Pelari peraih peringkat kedua di Borobudur Marathon 2020 itu memaksimalkan waktu selama berada dalam gelembung untuk memulihkan staminanya. Ia banyak menghabiskan waktu untuk beristirahat. Selain beristirahat, waktunya juga dimanfaatkan untuk menjaga kondisi dengan berlari joging pada pagi hari. Selain itu, asupan gizi dari vitamin dan makanan juga diperhatikan.
”Dari segi makanan sangat berpengaruh untuk memulihkan stamina. Tidak hanya latihan yang bagus, tetapi gizi ini juga termasuk dalam program. Asupan gizi dan istirahat yang cukup sangat mendukung kekuatan fisik. Minimal atlet harus tidur 6 sampai 8 jam sehari,” ujarnya.
Kondisi serupa juga dialami pelari elite asal Medan, Sumatera Utara, Anjellika boru Ginting (22), yang mengalami kelelahan akibat pesawat yang ditumpanginya mengalami keterlambatan selama berjam-jam. Ia seharusnya berangkat pukul 07.00 dari Medan. Akan tetapi, pesawatnya mengalami keterlambatan hingga 5 jam. Dari Medan, Anjellika tiba di Jakarta pada pukul 14.00 untuk transit.
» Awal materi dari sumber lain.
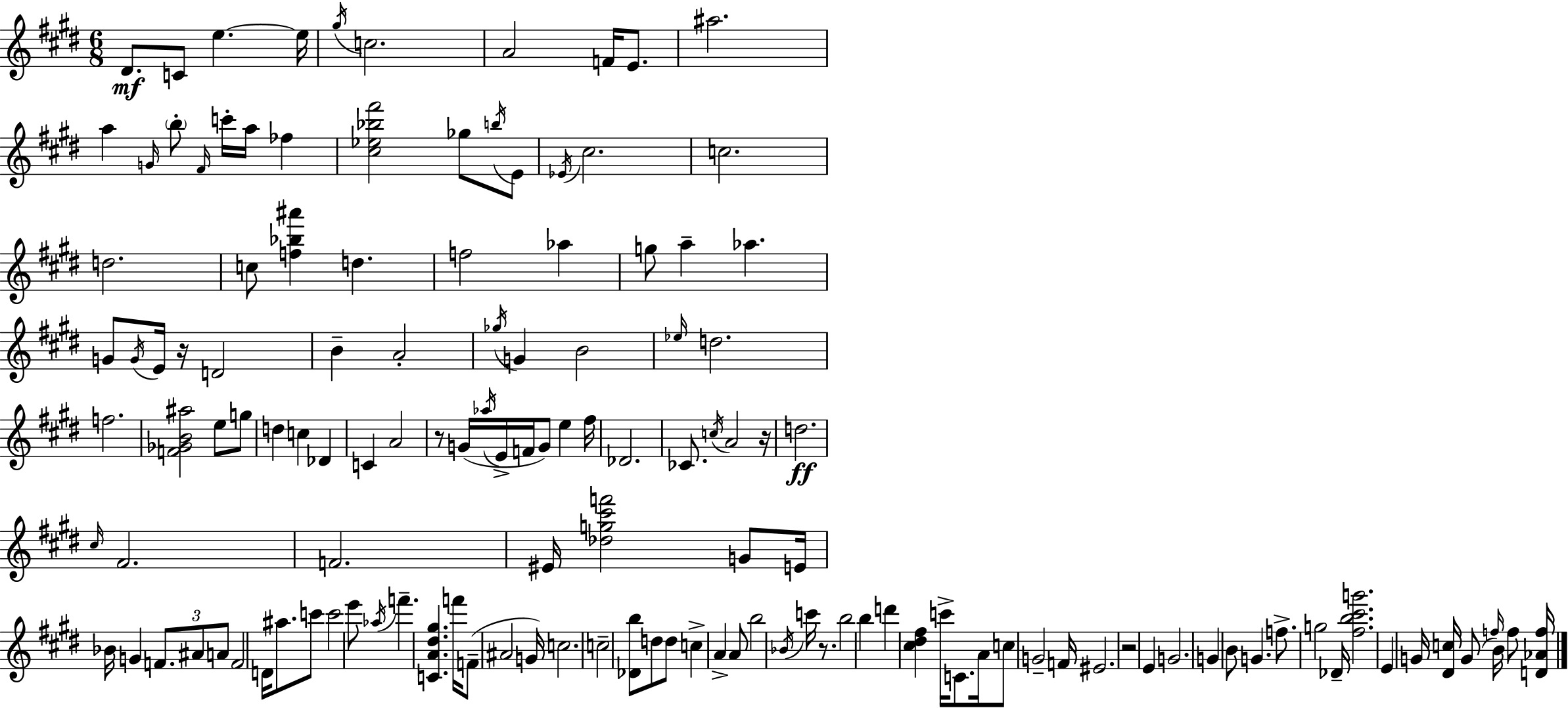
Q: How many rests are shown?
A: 5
Di sana, pesawat yang ditumpanginya kembali mengalami penundaan untuk berangkat.
Akibat penundaan berkali-kali itu, Anjellika baru tiba di hotel pada pukul 21.00. Mahasiswi jurusan pendidikan olahraga itu telah mengikuti Borobudur Marathon sejak 2019. Kendala pada perjalanan udara itu membuat kedatangannya di Magelang pada tahun ini terasa lebih melelahkan.
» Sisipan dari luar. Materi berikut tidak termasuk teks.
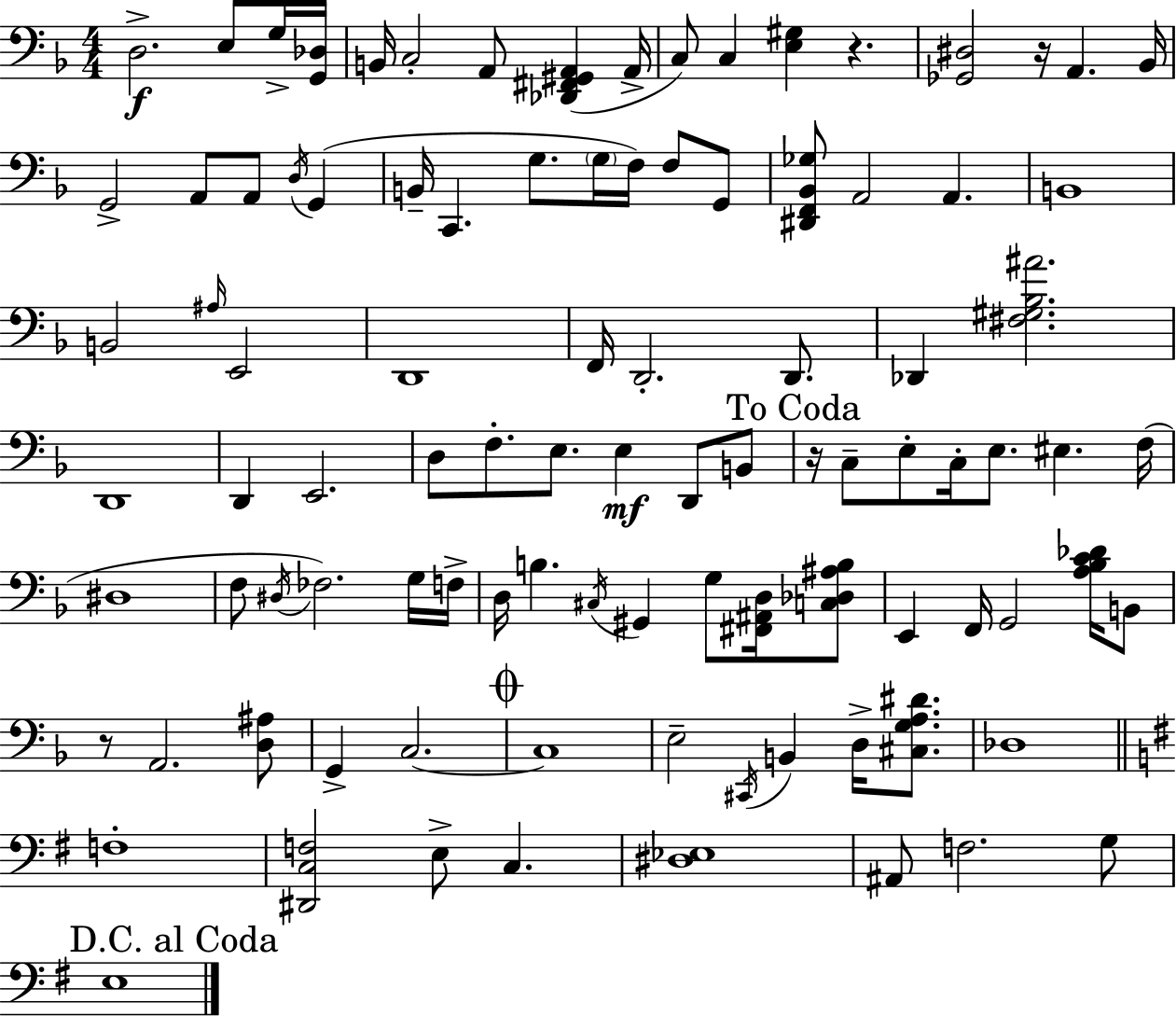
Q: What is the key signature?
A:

”Supaya tidak kelelahan, saya atur asupan gizi untuk tubuh. Kemarin setiba di hotel saya langsung minum susu dan beristirahat. Bersyukur paginya sudah segar lagi dan bisa ikut joging untuk pengondisian,” katanya.
Direktur Medis Borobudur Marathon dr Andi Kurniawan menjelaskan, panitia merancang waktu tiba pelari elite dari luar Pulau Jawa agar tiba sehari lebih cepat. Tujuannya agar mereka memiliki waktu pemulihan dan istirahat yang cukup sehingga tidak mengganggu performa saat berlomba.
Menurut Andi, para pelari harus mencukupi waktu istirahat agar tidak kelelahan. Jika kelelahan, risiko cedera akan mengintai ketika berlomba. Panitia, kata Andi, telah meminta para pelari dari luar Pulau Jawa untuk menikmati perjalanan dengan cara mendengarkan musik atau melakukan hal menyenangkan lainnya sebagai bentuk antisipasi keterlambatan penerbangan.
”Menunggu terlalu lama itu mempengaruhi suasana hati dan perasaan. Sejak awal kami sudah sampaikan kepada para pelari agar bisa menghilangkan kejenuhan dengan melakukan hal yang menyenangkan,” katanya.